Jesus’ secret to joy and life was simple: Die.

“If anyone would come after me,” he said, “let him deny himself and take up his cross and follow me. For whoever would save his life will lose it, but whoever loses his life for my sake and the gospel’s will save it” (Mark 8:34–35).


For disciples of Jesus, the gospel of grace not only plucks them from the easy path to hell but also places them on the hard path to heaven.


“When Christ calls a man,” wrote the German martyr Dietrich Bonhoeffer, “he bids him come and die.”

That’s more than a cute tweet.


A Cross-Shaped Trail

Jesus’ suffering was ultimately so that we would not suffer forever. The greatest accomplishment of Jesus’ mission is something he did on our behalf—substitutionary atonement. But Jesus was not only a substitute, he was also a pioneer (Heb 2:10; 12:2). He not only bears the cross in our place; he also blazes a cross-shaped trail for us to follow.

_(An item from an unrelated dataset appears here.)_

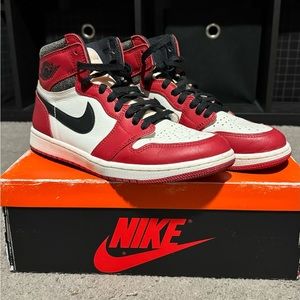 Jordan 1 Retro High OG Chicago Lost and Found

“A crucifixion of the natural self,” wrote C. S. Lewis, “is the passport to everlasting life. Nothing that has not died will be resurrected.” Meaningful discipleship under Jesus Christ is not the fruit of cool, detached onlooking, however admiring of his teaching we may be. Only the disciple who loses his life for Jesus’ sake, securing the only life worth having, understands who Jesus is and how God’s redemptive purposes in the world operate.


Have You Died?

To take up the cross is, however, the only path to real, solid joy. To take up the cross is to walk with the One who in great love bore the ultimate cross in our place.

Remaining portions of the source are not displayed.